Route information
- Auxiliary route of US 422
- Maintained by PennDOT
- Length: 7.285 mi (11.724 km)

Major junctions
- West end: US 222 / US 422 in Wyomissing
- US 422 in West Reading; PA 183 in Reading; US 222 Bus. in Reading; PA 562 in St. Lawrence;
- East end: US 422 in Reiffton

Location
- Country: United States
- State: Pennsylvania
- Counties: Berks

Highway system
- United States Numbered Highway System; List; Special; Divided; Pennsylvania State Route System; Interstate; US; State; Scenic; Legislative;

= U.S. Route 422 Business (Reading, Pennsylvania) =

Business route in Pennsylvania, United States

U.S. Route 422 Business (US 422 Bus.) is a 7.29 mi business route of US 422 located in the Reading, Pennsylvania area. The route is one of four auxiliary routes of US 422 in Pennsylvania. Its western terminus is at an interchange with US 222 and US 422 in Wyomissing. Its eastern terminus is at an interchange with US 422 in Reiffton. US 422 Bus. heads east from US 222/US 422 along Penn Avenue, passing through Wyomissing and West Reading. The route has an interchange with the US 422 freeway before it crosses the Schuylkill River into Reading.

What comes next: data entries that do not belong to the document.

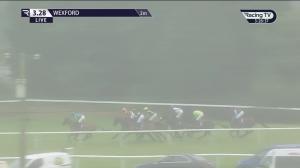 Video preview image for Wexford 15:28 - Adare Manor Opportunity Handicap Chase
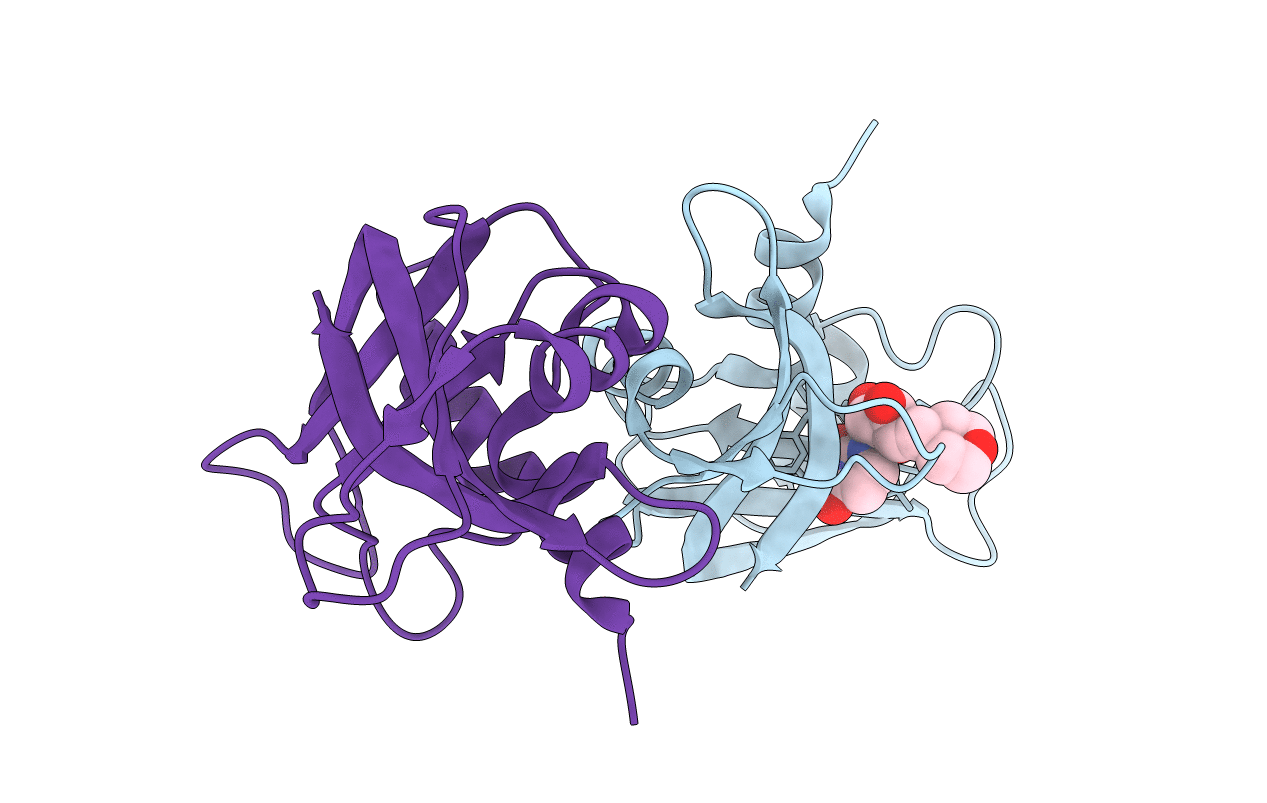 3D6P image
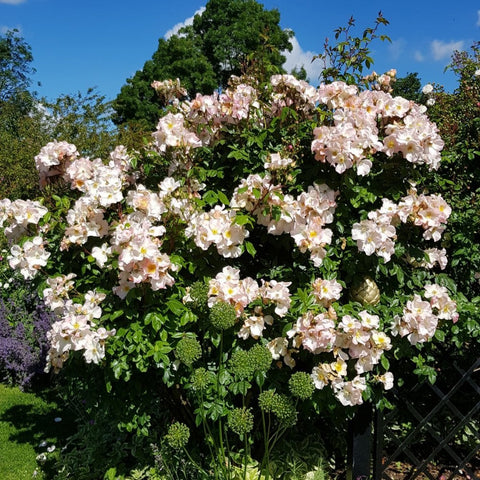 Bush covered in pale pink and white rose blossoms with green foliage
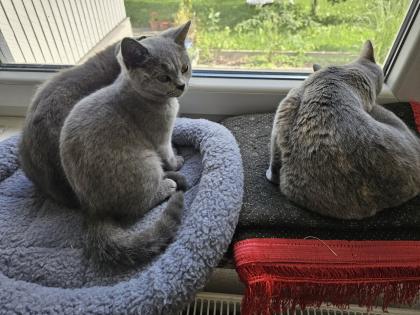 2 BKH Katze abgabebereit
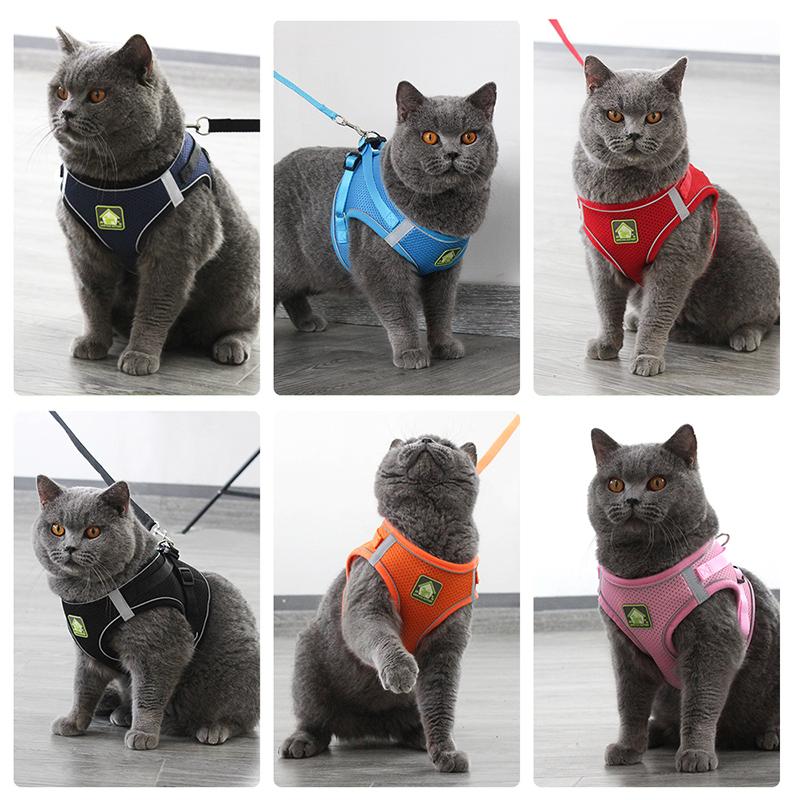 Reflective Pet Cat Harness Vest Leash Set Breathable Mesh Puppy Harnesses Adjustable Lead Leashes for Dogs Cats Supplies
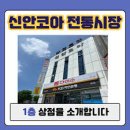 신안코아 이미지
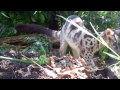 owston s palm civet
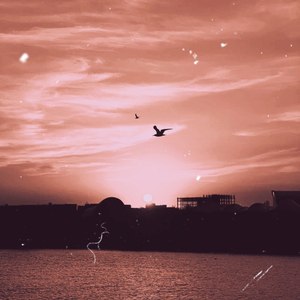 Бабочки летают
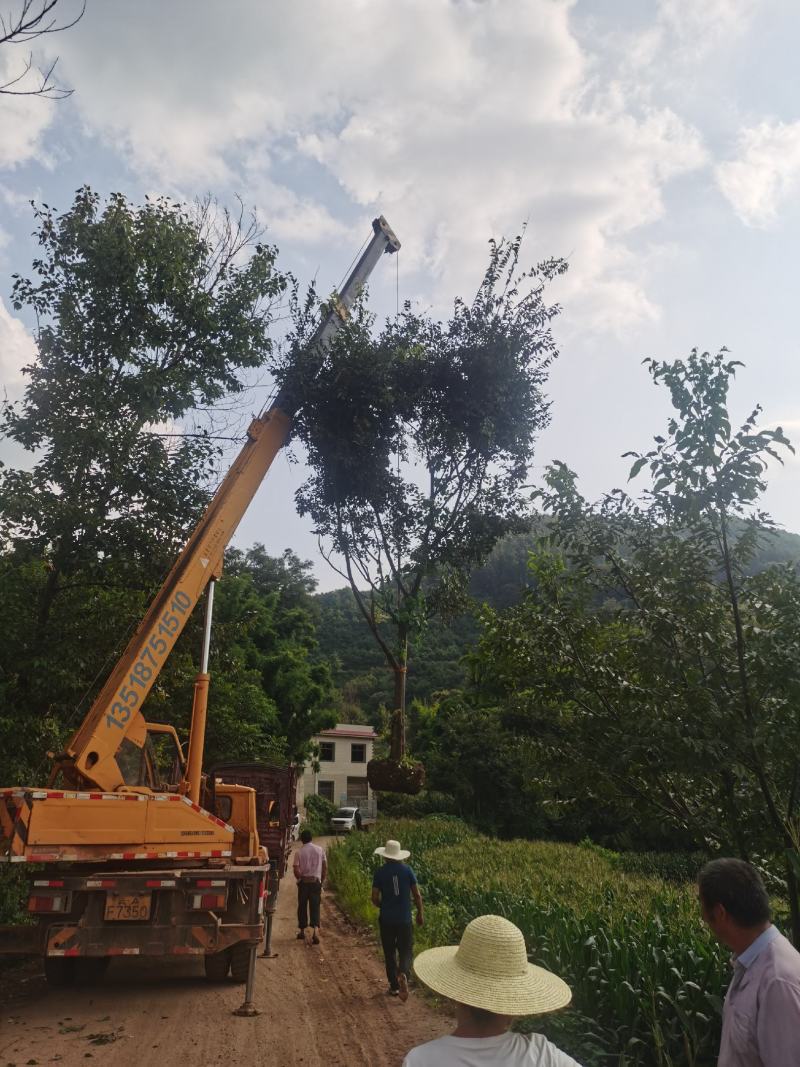 精品朴树，一般朴树，各种规格要求都有，基地直供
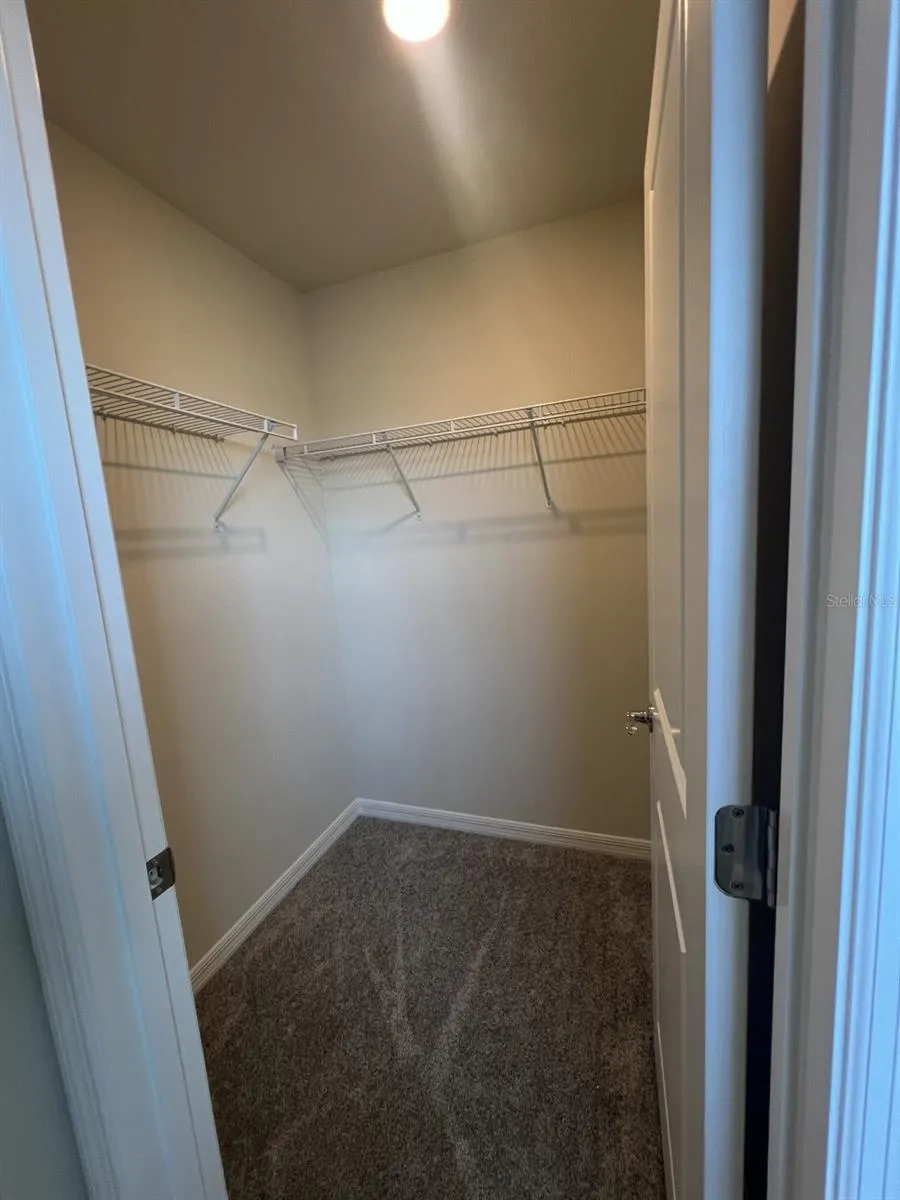 3355 VINE LEAF STREET Apopka, FL 32712
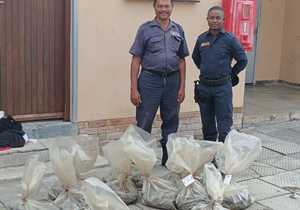 641 Onwettige Perlemoen in Gansbaai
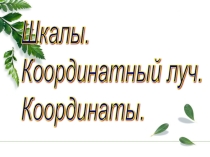 Презентация по математике Шкалы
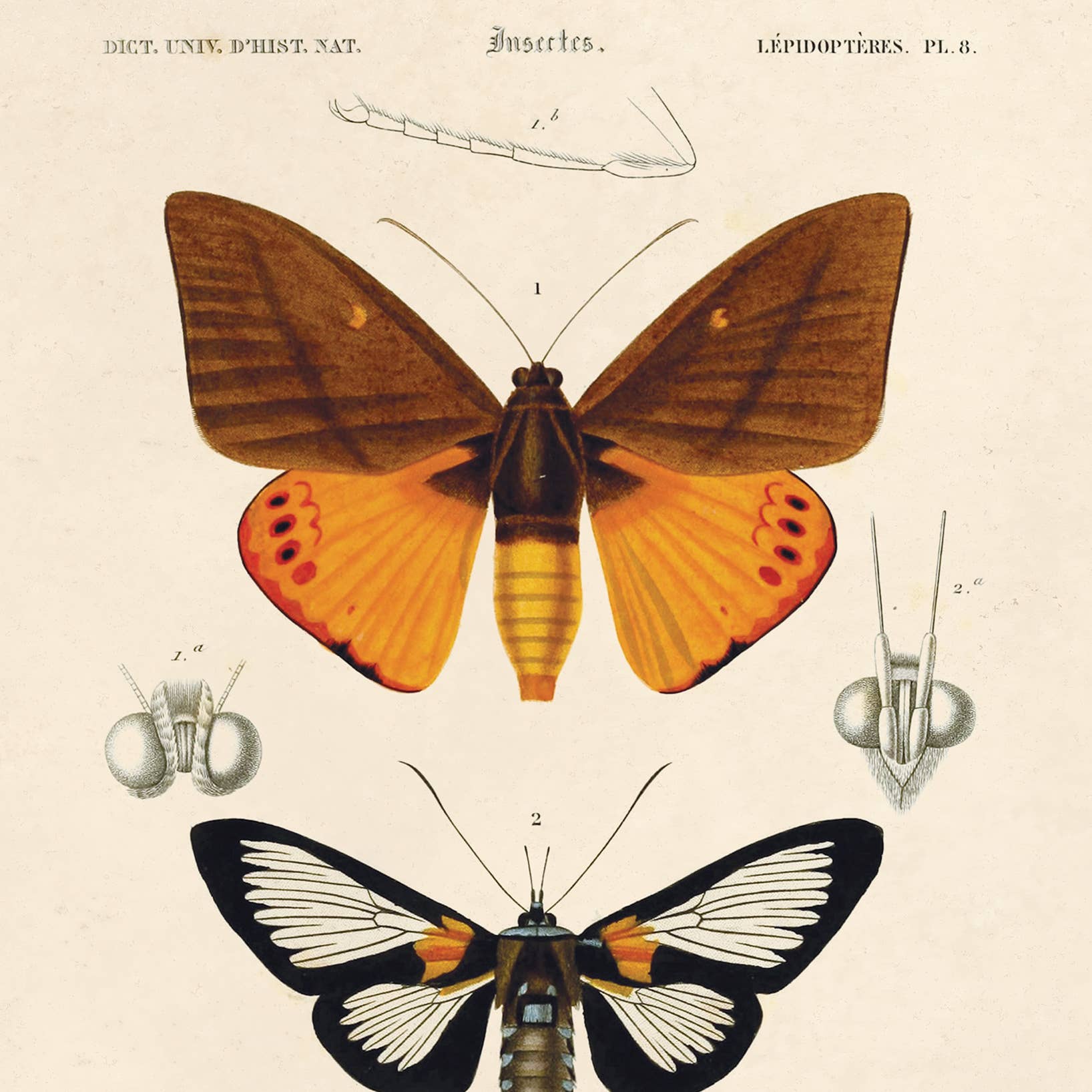 Curious Prints - Wholesale Art Print - Vintage d'Orbigny Moth Insect Print w/ optional frame1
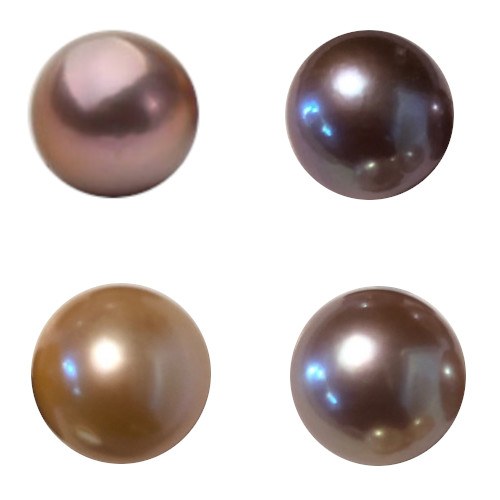 Perle Edison d'eau douce 11-12 mm semi-percée pour pendentif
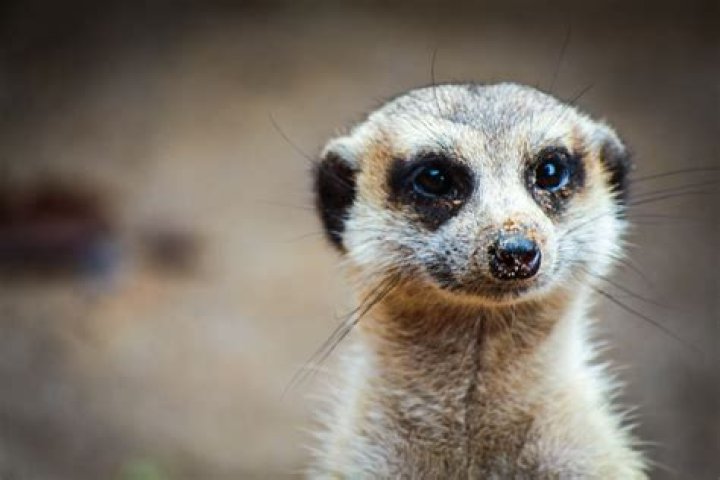 What animal is Timon?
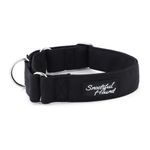 Snootiful Hound Padded Martingale Collar Black - Greyhounds, Whippets, Lurchers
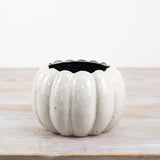 Off White Ceramic Pumpkin Planters - 2 sizes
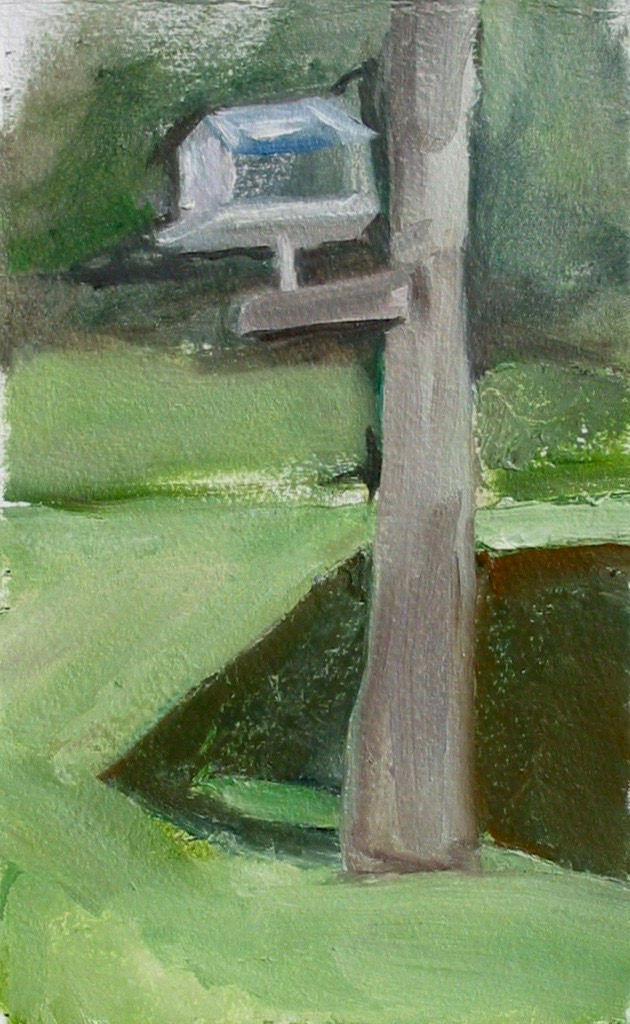 Birdhouse With Shadow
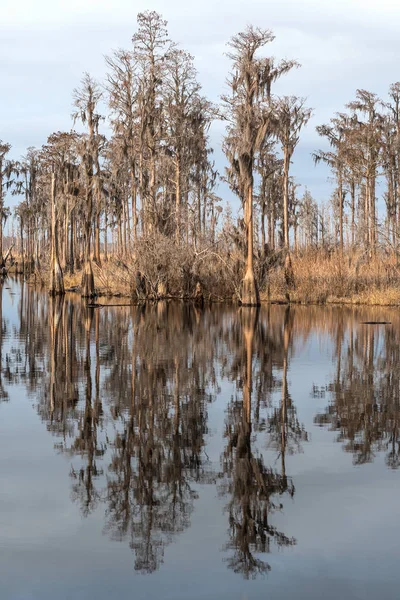 Cypress Reflektioner Södra Bayou Längs Den Långsamma Rörelse Suwannee River — Stockfoto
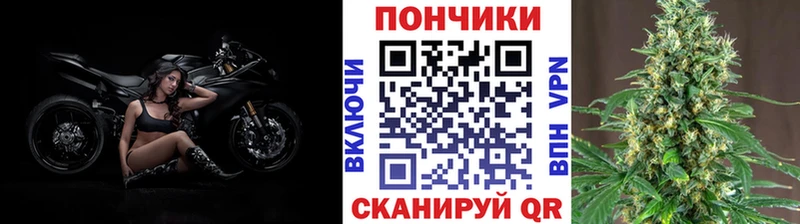 цена   Междуреченск  Каннабис семена 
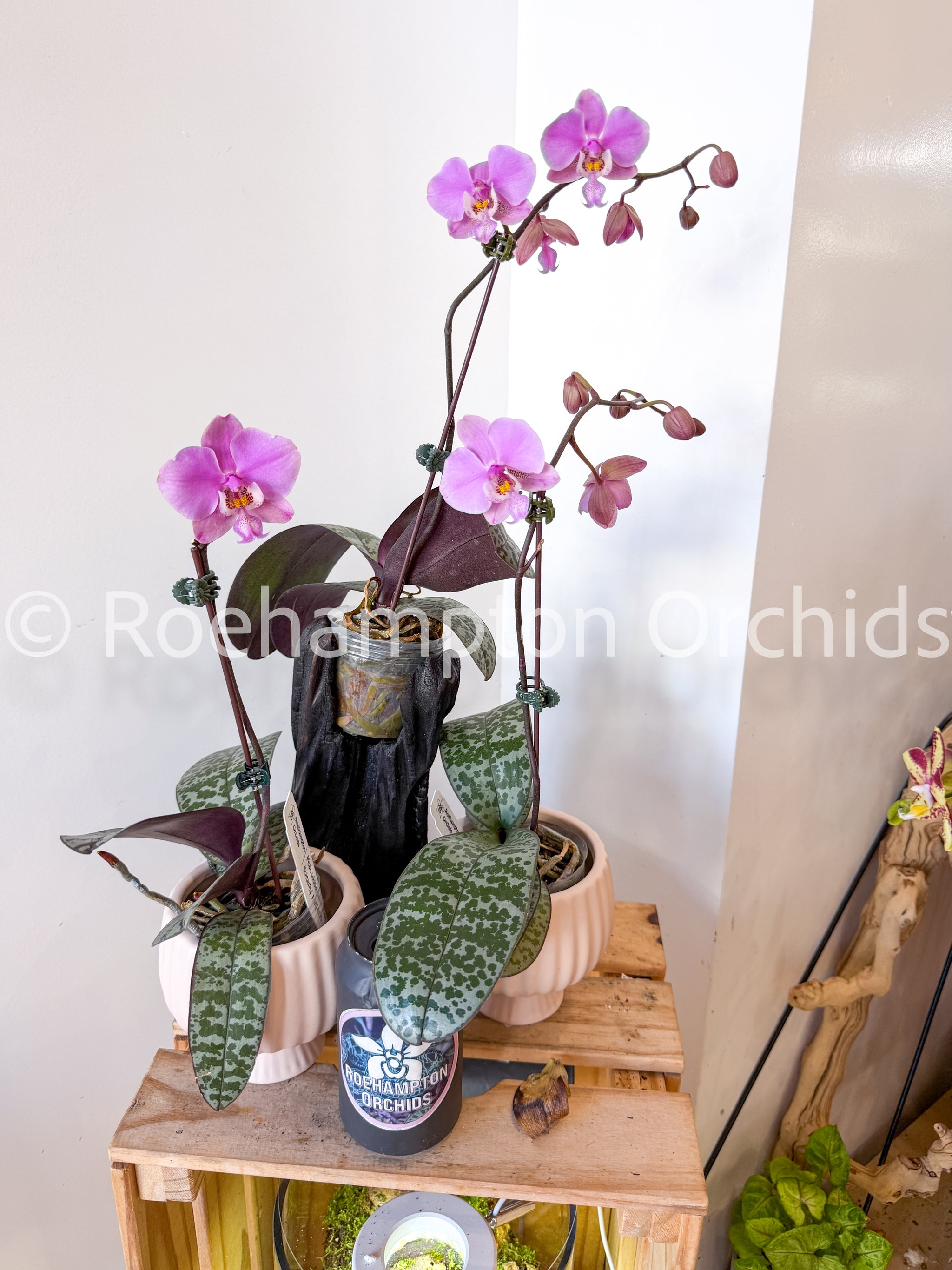 洋蘭　原種　Phal. schilleriana フラスコ苗 NK】特選交配(5) Phal.schilleriana f.purpurea 実生苗 【洋蘭 原種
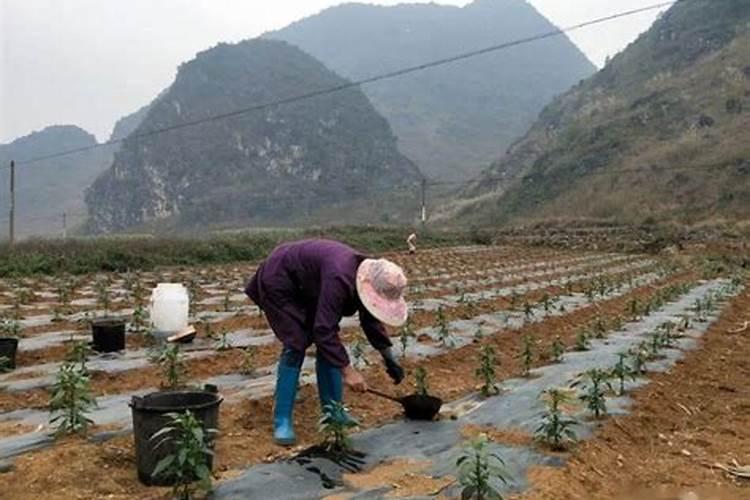 辣椒种植和管理技术要点是什么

US 422 Bus. passes through downtown Reading on the one-way pair of Franklin Street eastbound and Washington Street westbound, intersecting the southern terminus of Pennsylvania Route 183 (PA 183) and crossing US 222 Bus. The business route heads into the eastern part of the city southeast on Perkiomen Avenue before following the one-way pair of Perkiomen Avenue eastbound and Mineral Spring Road westbound into Mount Penn. US 422 Bus. continues along Perkiomen Avenue to St. Lawrence, where it intersects the western terminus of PA 562 and turns southeast. The route passes through Reiffton before it merges into eastbound US 422.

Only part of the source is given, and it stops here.